In your first year of business, you can deduct up to $5,000 of the startup costs you incurred before you began operations, and if the costs exceed $5,000, they can be amortized ratably over a period of 15 years. If the costs exceed $50,000 there are certain limitations that apply. Be sure to check the information from the IRS. See Publication 535, particularly Chapter 8.
This is another frequently overlooked deductible. Granted, inventory items are not always immediately deductible; in fact, they’re usually treated as part of cost of goods sold. However, under a special rule, certain types of small businesses can use the cash method of accounting and can choose to treat inventory items as materials and supplies, which are currently deductible. As is the case with home offices, though, you need to be aware of the IRS’s definition of what constitutes a small business. According to the IRS, a small business is one with annual average gross receipts not exceeding $10 million for the three prior years – or the years in business if less than three years. As well, certain industries are excluded, so be sure your business qualifies. As a rule of thumb, eligible small businesses are service-based but maintain inventory; examples would include spas or beauty salons that provide services such as facials or hairstyling, but also sell beauty products and cosmetics.

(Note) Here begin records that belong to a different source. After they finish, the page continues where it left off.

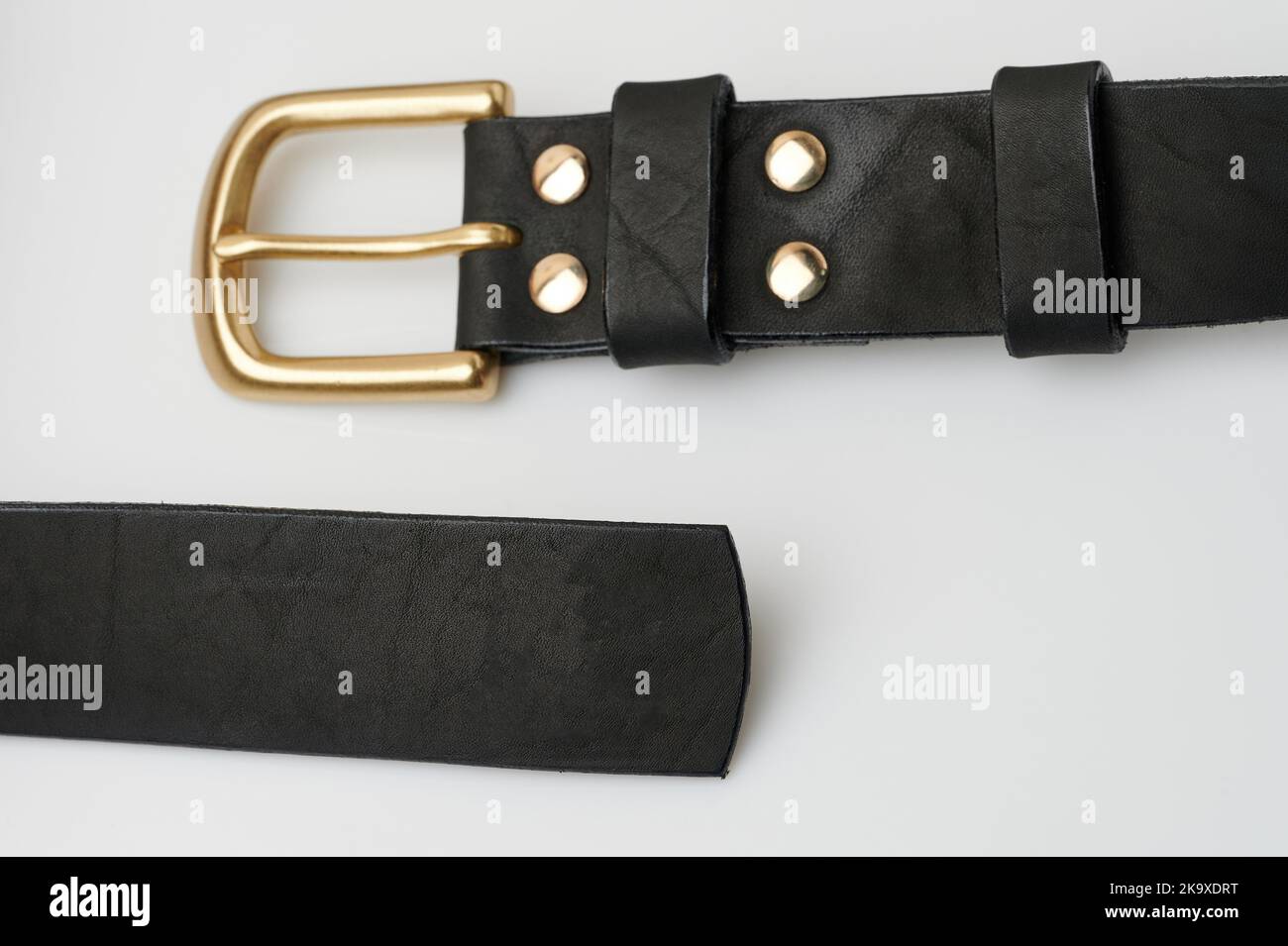 Ceinture en cuir classique, vue rapprochée isolée Banque D'Images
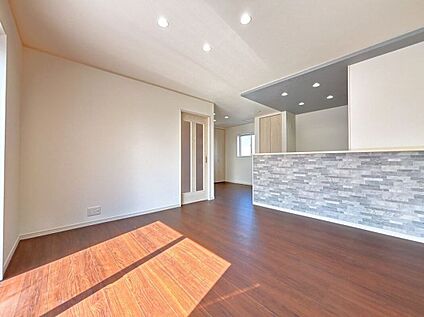 【3号棟　リビング】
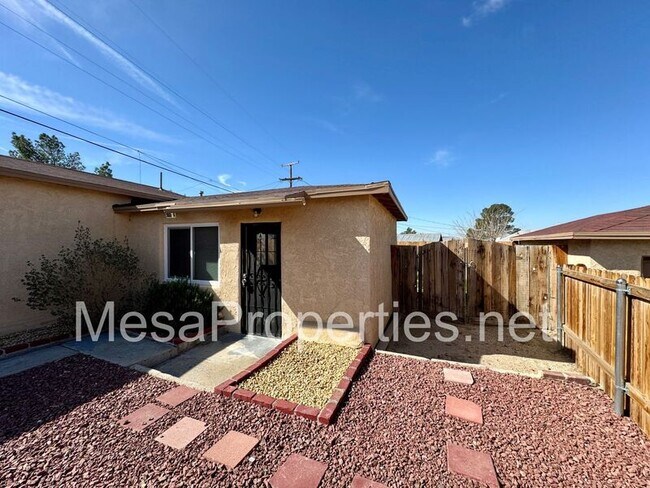 Photo - 900 W Buena Vista St Unidad #1 (back)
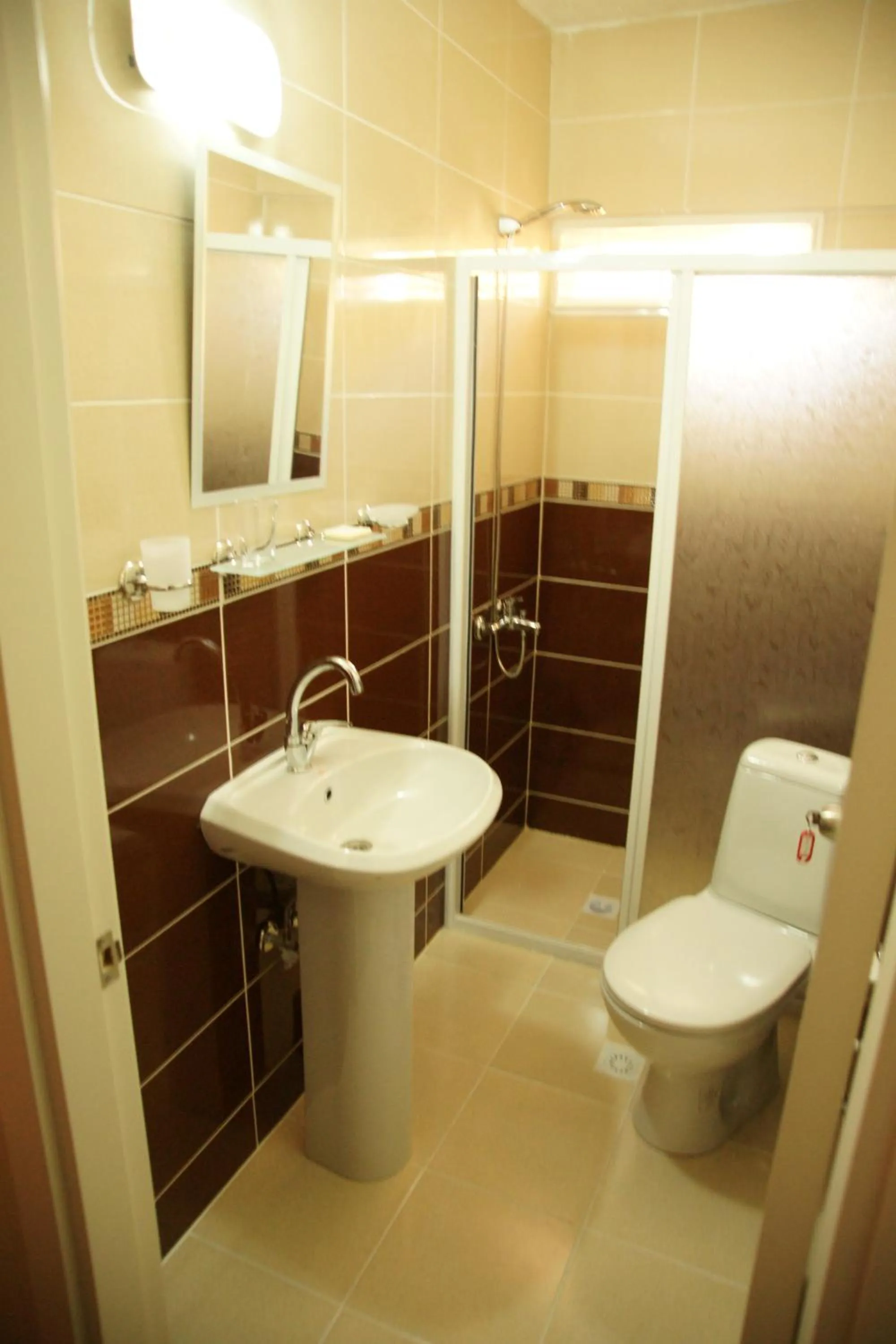 Bathroom in Meta Hotel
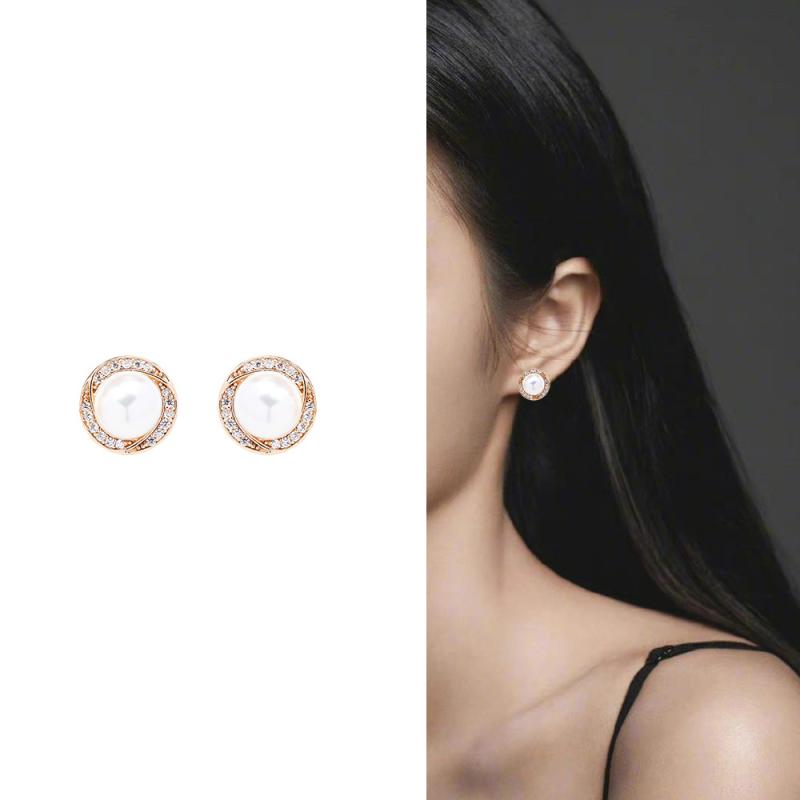 ・カテゴリ: イヤリング・ピアス・スタイル: レトロ・素材: 合金・加工: 電気メッキ・デザイン: 幾何学、円形・カラー展開: ゴールド、シルバー・対象: 女性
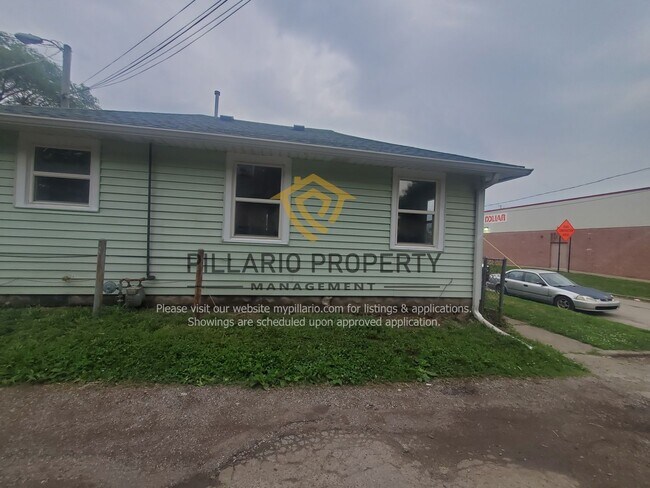 Building Photo - -NEW-Southside 2 bedroom, 1 bath, 1 car de...
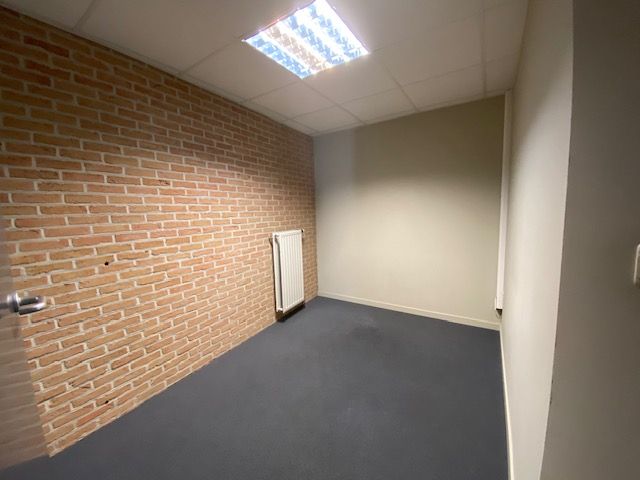 Handelsruimte  (+-190m²) met 6 autostaanplaatsen centrum Geel. foto 11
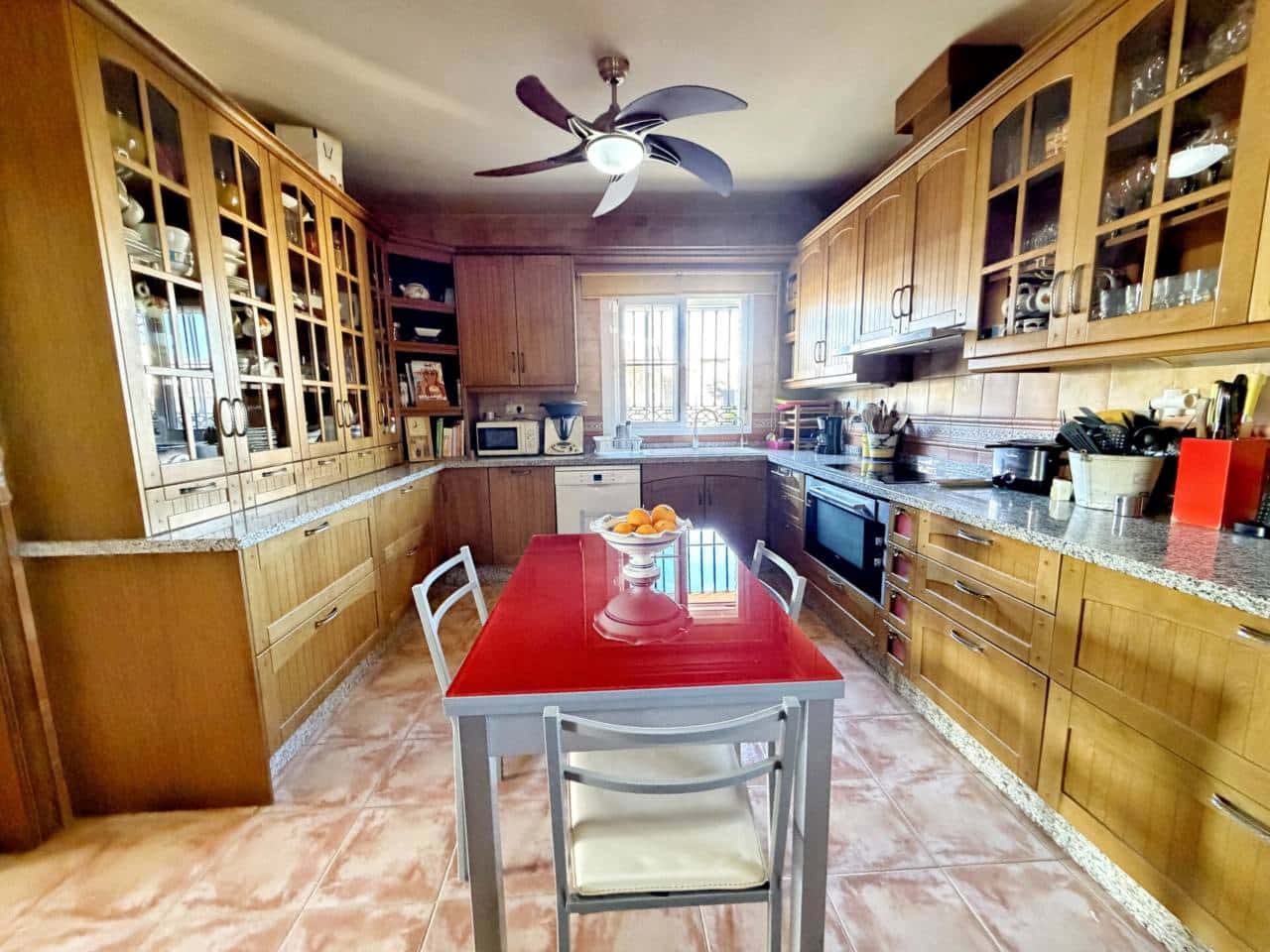 4 Zimmer Villa zu verkaufen in Torre de Benagalbon mit Pool Garage - 645.000 € (Ref: 9485506)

In the event that you have been treating inventory as part of your cost of goods sold but decide you want to begin treating it as materials and supplies, you need to file for a change in accounting method on IRS Form 3115. Again, make sure you know the IRS’ rules before you attempt to take this deduction.
Office supplies, furniture and equipment
You may opt not to take the home-office deduction even if you have a home office, but you still might be able to deduct business supplies, some furniture, and other equipment. Of course you will want to hang on to your receipts.
You have a couple of different options for office furniture and for equipment such as computers, copiers, and scanners. You can either deduct 100 percent of the cost in the year that you purchase the item(s), or a portion of the expense over seven years for office furniture, and five years for other equipment. Deducting a portion of the expense annually is also known as depreciation. You have to be careful here because the IRS requires that you utilize their charts to make separate calculations each year. And as usual, various other restrictions and limitations apply.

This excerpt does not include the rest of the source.